Pour la Suisse, un Mondial organisé en novembre, décembre ou février rimerait avec échec. Le succès au Championnat du monde n'est possible qu'en fin de saison, si une nouvelle équipe est créée de toutes pièces. Sur la glace et dans le vestiaire. La direction sportive ne peut malheureusement pas renouveler l'effectif. Mais Patrick Fischer peut créer les conditions pour que l'équipe se renouvelle d'elle-même.

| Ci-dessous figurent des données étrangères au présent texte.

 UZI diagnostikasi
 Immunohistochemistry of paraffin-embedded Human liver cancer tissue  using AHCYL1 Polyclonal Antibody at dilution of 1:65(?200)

C'est pourquoi la présence des titans de la NHL - les Roman Josi, Nino Niederreiter et Nico Hischier, leaders dans la meilleure ligue du monde, et rentrés plus tôt que prévu - est décisive.
Grâce à la présence de ces trois hommes, nous disposons dès le début du tournoi de la meilleure équipe possible. Nous avons vu leur apport vendredi lors du match d'ouverture contre la Norvège, remporté 5 à 2. Une première étape vers les demi-finales. Une occasion d'ajuster son jeu, comme ce sera une nouvelle fois le cas dimanche, face à l'Autriche (20h20). Bref, une façon de lacer ses patins, et de se préparer pour un pèlerinage vers la gloire.
Si les Suisses - qui peuvent aussi s'appuyer sur Leonardo Genoni, capable de redevenir un héros le temps d'un Mondial - ne parviennent pas à atteindre leur objectif à Prague avec cette équipe, quand le feront-ils? Et surtout, le feront-ils avec Patrick Fischer à la baguette?